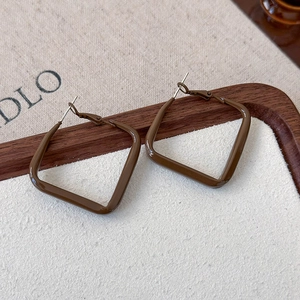 Detail of square dark coffee metal earrings with a retro French glossy finish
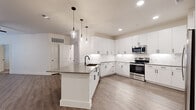 This well-appointed 2-bedroom, 2-bathroom single-floor residence offers a thoughtfully designed open-concept layout with contemporary finishes throughout. The kitchen serves as a central highlight, featuring crisp white shaker cabinetry extending to the ceiling, a marble-look tile backsplash, dark quartz countertops, and a full suite of stainless steel appliances including a side-by-side refrigerator with water and ice dispenser, a range, and a built-in microwave. A kitchen island with an undermount sink and pendant lighting above adds both function and style, while light wood-look flooring ties the kitchen and living area together seamlessly. The primary bedroom offers comfortable proportions, plush carpeting, a ceiling fan, and French doors that fill the room with natural light. It is complemented by a spacious walk-in closet with built-in shelving and a dedicated en-suite bathroom featuring a dual-sink vanity with gray quartz countertops, white cabinetry, and matte black hardware. The second bedroom also features carpeted flooring, a ceiling fan, and a natural light-filled window. Throughout the residence, clean white walls, recessed lighting, and consistent matte black fixtures create a cohesive, modern aesthetic.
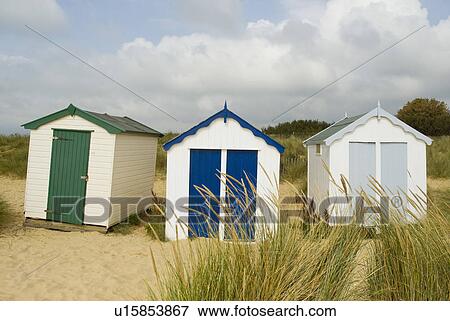 Brightly colored huts on beach View Large Photo Image Stock Photo - Brightly colored huts on beach. Fotosearch
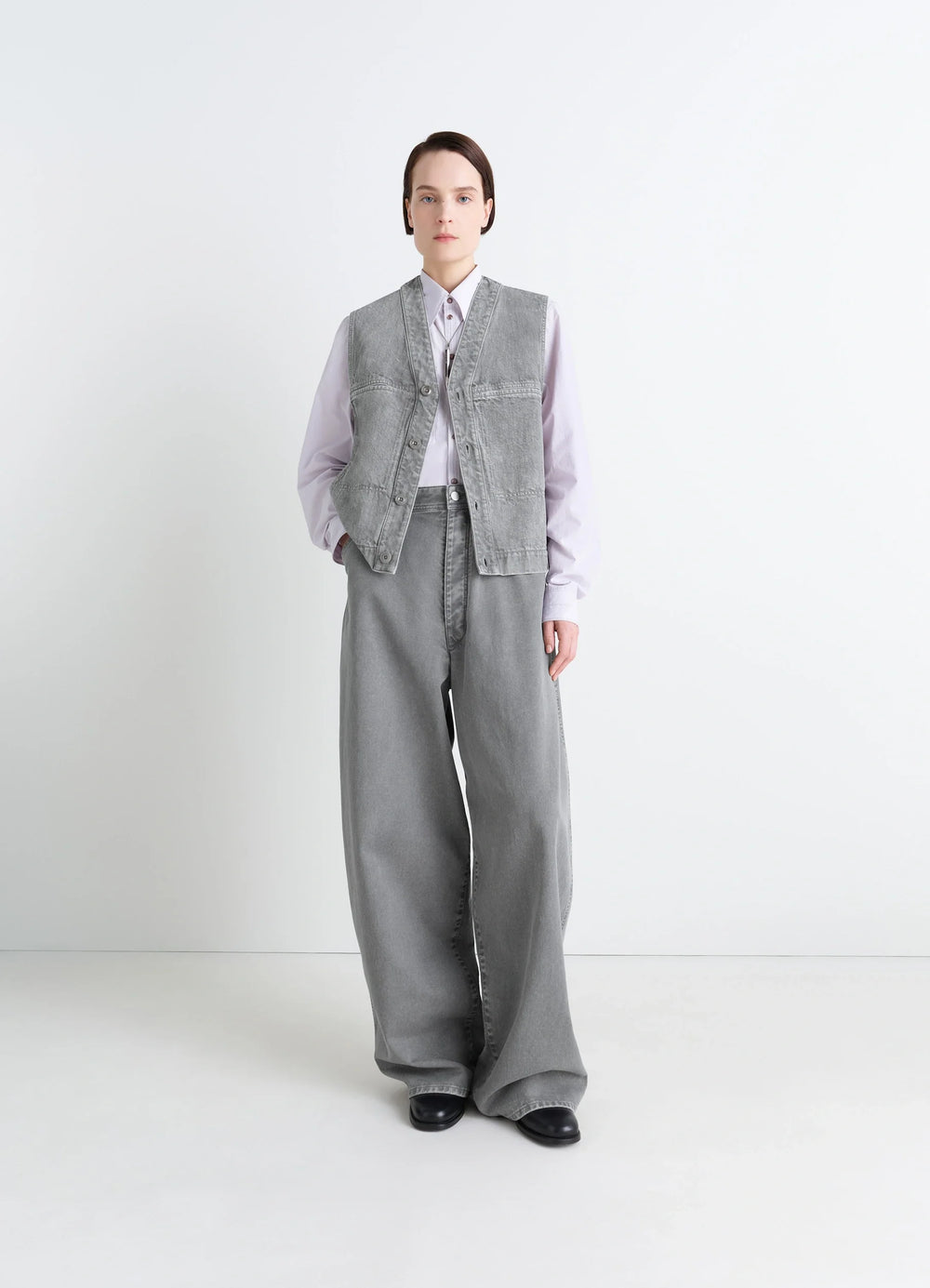 Lemaire Pocket Gilet in Garment Dyed Snow Denim, model shot, three-quarter view relaxed fit structure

◇ ◇ ◇ ◇

About this task:
Without the pictures, write out the whole listing above exactly as it appears.

Result for this task:
 Detail of square dark coffee metal earrings with a retro French glossy finish
 This well-appointed 2-bedroom, 2-bathroom single-floor residence offers a thoughtfully designed open-concept layout with contemporary finishes throughout. The kitchen serves as a central highlight, featuring crisp white shaker cabinetry extending to the ceiling, a marble-look tile backsplash, dark quartz countertops, and a full suite of stainless steel appliances including a side-by-side refrigerator with water and ice dispenser, a range, and a built-in microwave. A kitchen island with an undermount sink and pendant lighting above adds both function and style, while light wood-look flooring ties the kitchen and living area together seamlessly. The primary bedroom offers comfortable proportions, plush carpeting, a ceiling fan, and French doors that fill the room with natural light. It is complemented by a spacious walk-in closet with built-in shelving and a dedicated en-suite bathroom featuring a dual-sink vanity with gray quartz countertops, white cabinetry, and matte black hardware. The second bedroom also features carpeted flooring, a ceiling fan, and a natural light-filled window. Throughout the residence, clean white walls, recessed lighting, and consistent matte black fixtures create a cohesive, modern aesthetic.
 Brightly colored huts on beach View Large Photo Image Stock Photo - Brightly colored huts on beach. Fotosearch
 Lemaire Pocket Gilet in Garment Dyed Snow Denim, model shot, three-quarter view relaxed fit structure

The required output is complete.